Since your editorial board decided that this is a story fit for public consumption at the expense of far more important national matters, I have been instructed to a write up to do set the records straight which I hereby proceed to do.
Marketace Ghana Limited is not owned by Mr. Herbert Mensah. Mr. Herbert Mensah is one of six shareholders including Mrs. Mary Mcleod. Mr. Mensah as well as Mrs. Mary Mcleod was also directors of Marketace. Marketace was incorporated sometime in February 1989 and its main line of business was Lavlage transport. All directors contributed to the capital of the company and the understanding was that no director’s advances were to be repaid until all loans contracted from third parties had been paid.
Mrs. Mcleod contributed to the company in two ways. First she guaranteed a drawdown facility of £50.000.00 for the use of the company at the Clydesdale Bank in London. The facility was drawn on an account called the Marketace U.K. account to which Mrs. Mcleod was the sole signatory. Before any drawdown Mrs. Mcleod satisfied herself that the money was going to be used for the intended purpose before signing and she satisfied herself that indeed the previous money has been properly applied before signing a subsequent cheque.
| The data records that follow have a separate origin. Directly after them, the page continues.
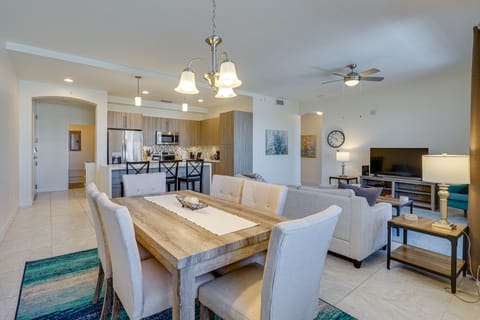 Fort Myers Vacation Rental | 3BR | 2BA | 1,394 Sq Ft | Elevator Access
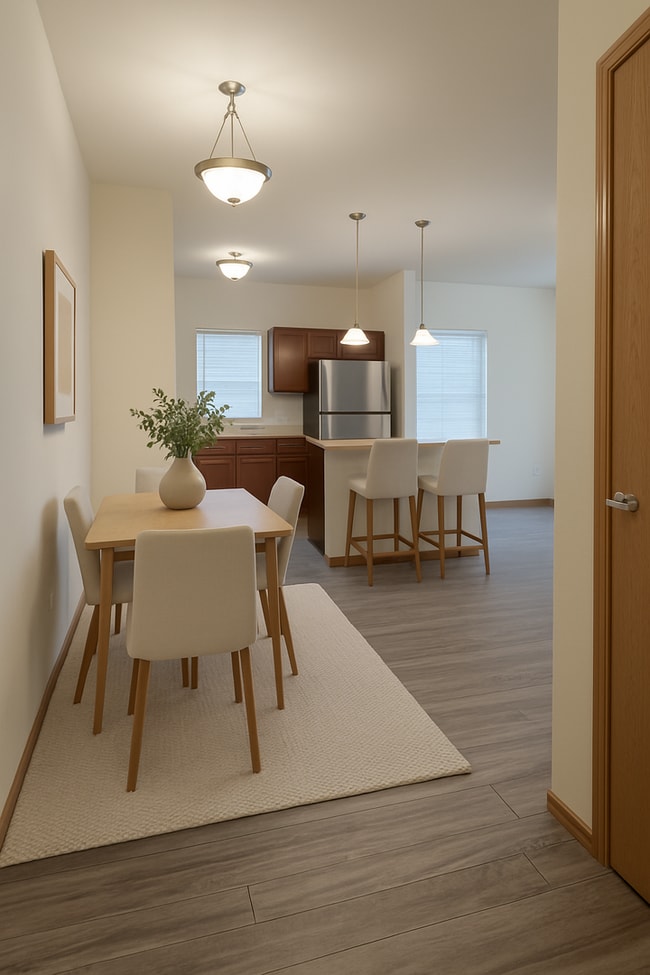 Building Photo - Brand NEW Units in Verona! | 1 Bedroom/1 Bath Loft--Discover Comfort and Convenience at Hometown ...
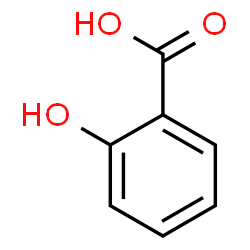 salicylic acid crystals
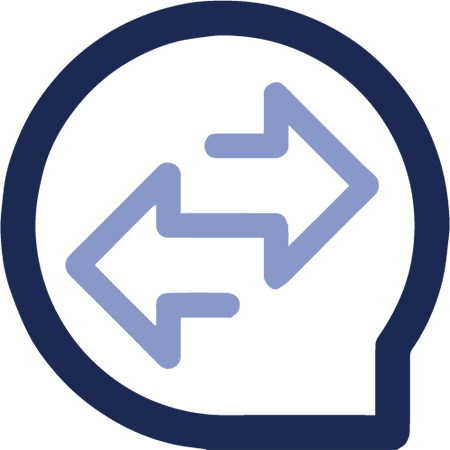 Language services icon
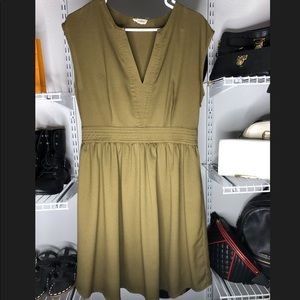 Mason Jules Olive dress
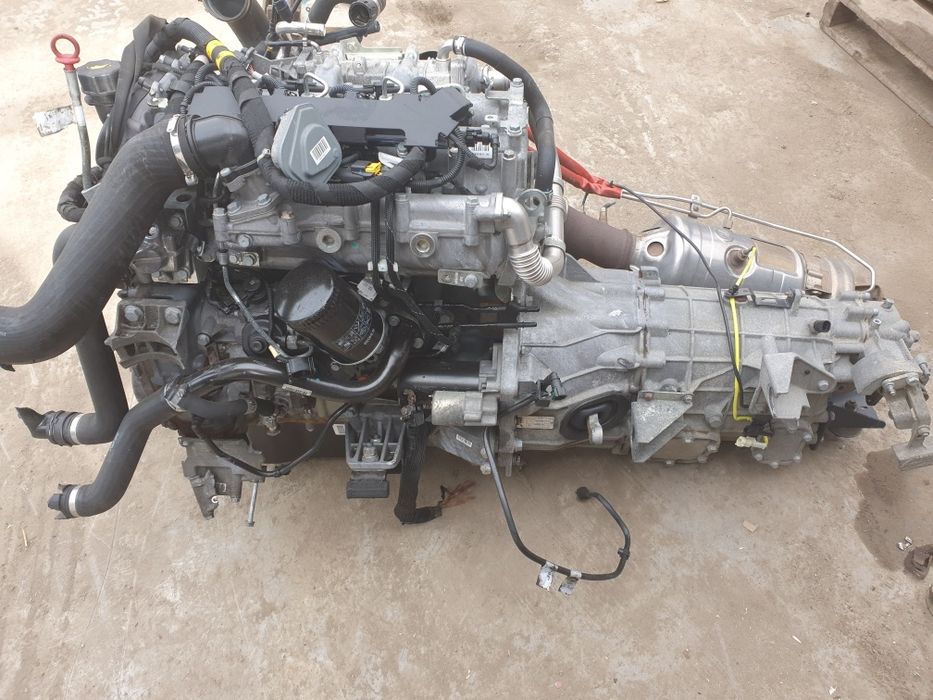 Motor iveco boxer relay jumper 3.0 euro 5 6 cu injectie pierzo 2015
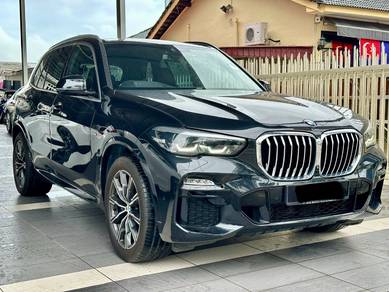 Low Mileage 2021 Bmw X5 xDRIVE45e 3.0L (A)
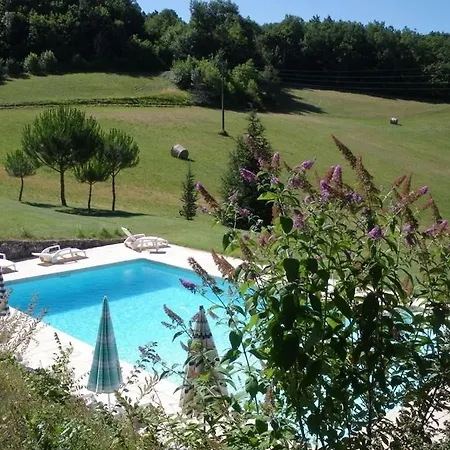 La Petite Toscane, Familial Avec Piscine Et Jacuzzi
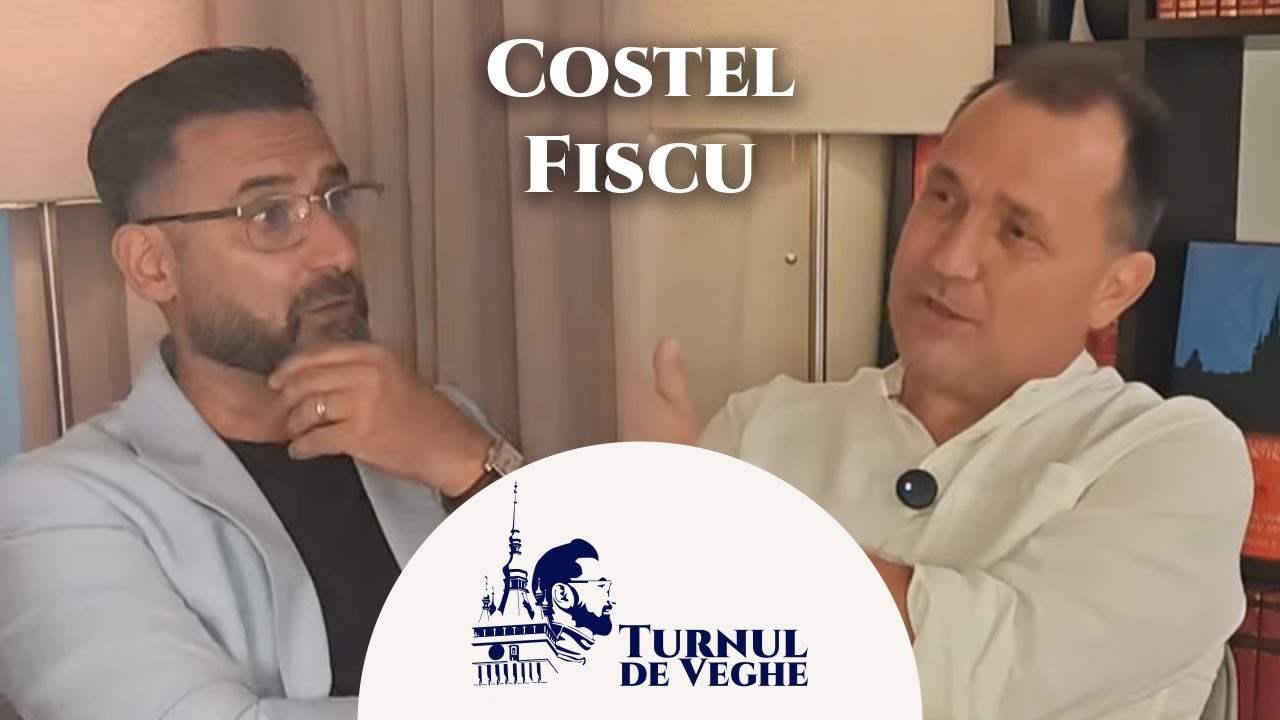 TDV cu Costel Fiscu, expert contabil la Conta House - Episodul 12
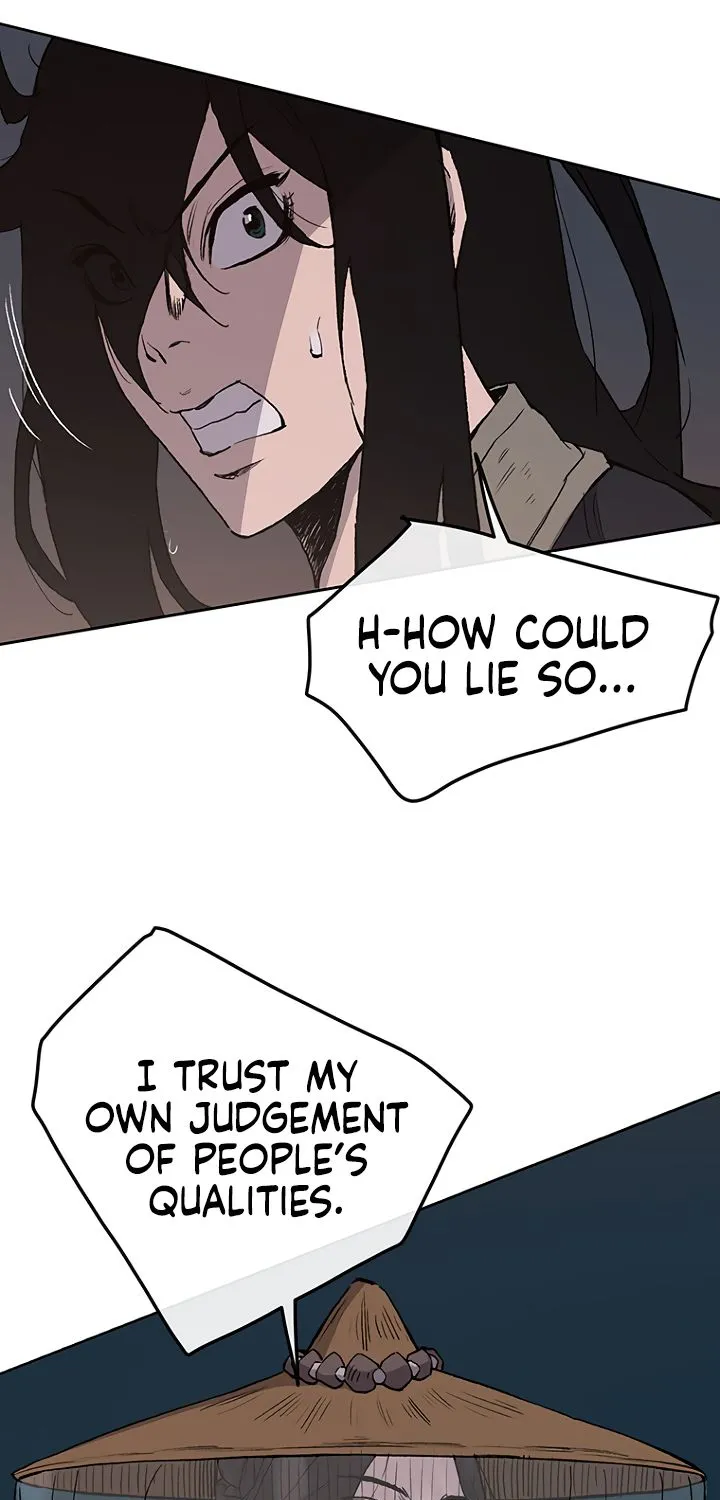 Read The Undefeatable Swordsman Manga Online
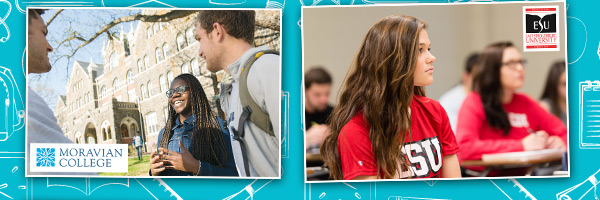 Moravian College / East Stroudsburg University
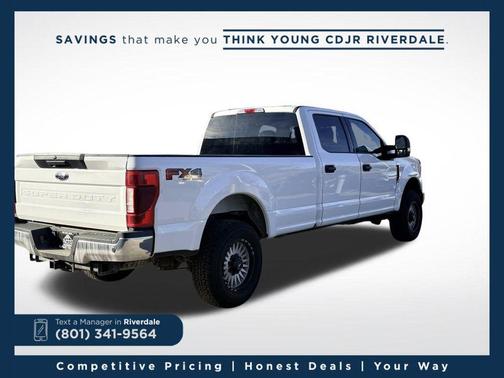 2022 Ford F-350 XLT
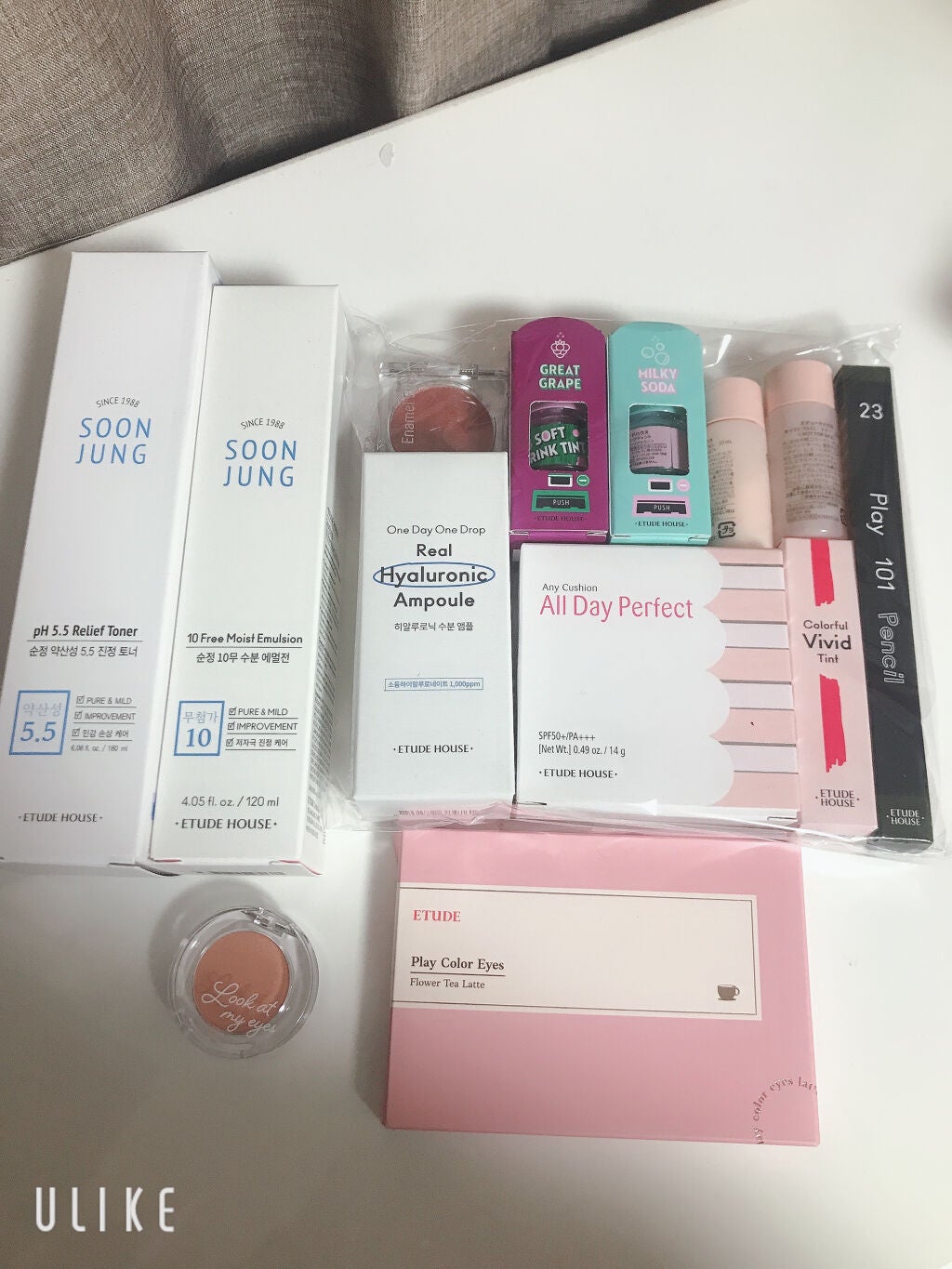 スンジョン トナー/ETUDE/化粧水を使ったクチコミ(2枚目)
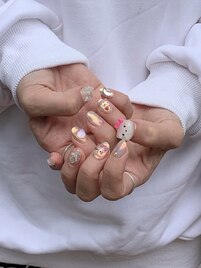 キティネイル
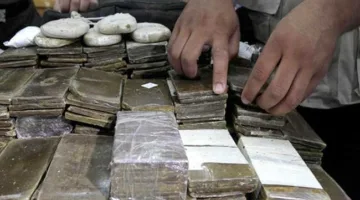 ثمانية قضايا: عمليات أمنية تستهدف مراكز تهريب المخدرات في أسوان ودمياط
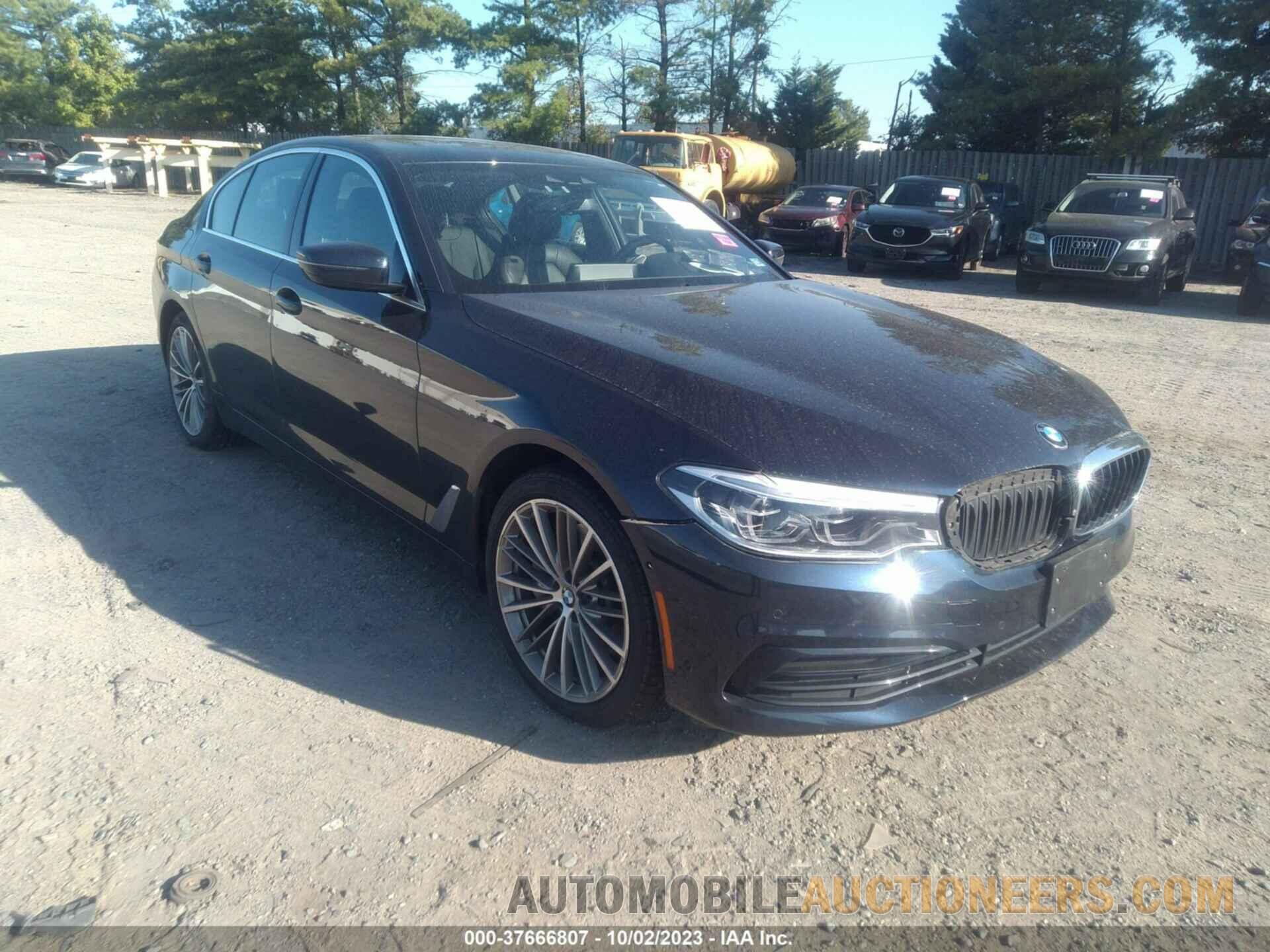 WBAJA7C52KWW39379 BMW 5 SERIES 2019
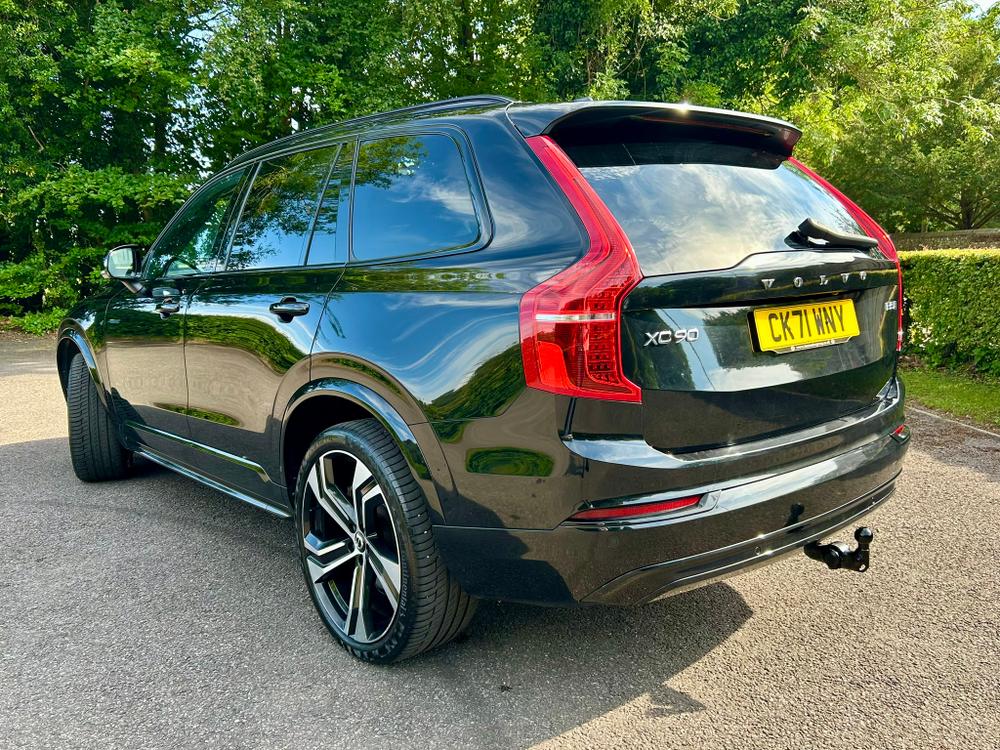 Used Volvo XC90 CK71WNY 33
All correspondence with the bank was with her directly in her capacity as a director of Marketace and all bank statements were sent to her. The agreement with the company (Marketace) was that the company will pay the principal and interest and although some payments were made it did not keep pace with the agreed rate of payment and so the bank called up the loan and Mrs. Mcleon’s share portfolio was sold to make up the shortfall.
The second involvement was that Mrs. Mcleod’s invested the sum of £60,000.00 in Marketace in two ways i.e. firstly, a shareholder’s investment which accounted for 25,000.00 for 10% equity in Marketace and secondly by providing directly the sum of 35,000.00 in the form of directors advances. Mrs. Mcleod now claims the 60,000.00 was a loan she advanced to Snowrad Ltd which in turn advanced it to Marketace. Snowrad Ltd is a U.K. registered company and at its inception had two shareholders and two directors’ i.e. Mrs. Mcleod and Mr. Mensah. There was no formal agreement or relationship between Marketace and Snowrad and indeed there was no shareholders or directors meeting at Snowrad to approve a grant of a loan to Marketace and there was similarly no such meeting by Marketace to apply for and receive such a loan form Snowrad.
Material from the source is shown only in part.